O pedido de extradição foi apresentado pelo governo brasileiro em junho de 2025, após a fuga de Zambelli para a Itália em sequência da condenação no Supremo Tribunal Federal por envolvimento na invasão do sistema do CNJ, atribuída ao hacker Walter Delgatti. Ela passou a constar na lista vermelha da Interpol e foi presa na Itália em 29 de julho, por meio de cooperação entre Polícia Federal, Interpol e autoridades italianas. Há ainda outro pedido de extradição pendente relativo a um episódio em São Paulo, envolvendo porte de arma e perseguição.

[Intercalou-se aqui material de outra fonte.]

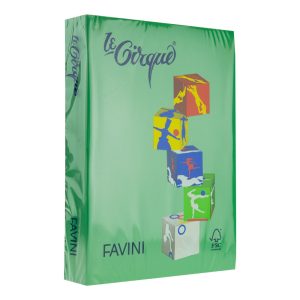 Carton color A4 Verde pădure 207 FAVINI 160 g/mp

A decisão da Corte de Cassação não encerra o tema: o acórdão será enviado ao ministro da Justiça da Itália, Carlo Nordio, que tem a palavra final sobre a entrega. Jurídica e diplomaticamente, trata‑se de uma etapa distinta do julgamento de mérito no Brasil — mas, na prática, a nulidade da ordem de extradição impede, por enquanto, o repatriamento e impõe nova rodada de avaliações entre autoridades e consulados.

Politicamente, o resultado representa um revés para o governo que pediu a extradição e abre espaço para que a defesa explore a narrativa de perseguição, tema que Zambelli já vinha usando. A decisão italiana cria incerteza sobre prazos e custo político da operação e pode reverberar no debate público sobre segurança jurídica e execução de penas. Resta agora aguardar o posicionamento de Roma e o desenlace das tratativas bilaterais — fatores que definirão se a ação do Estado brasileiro alcançará o objetivo de trazer a ex‑deputada de volta ao país.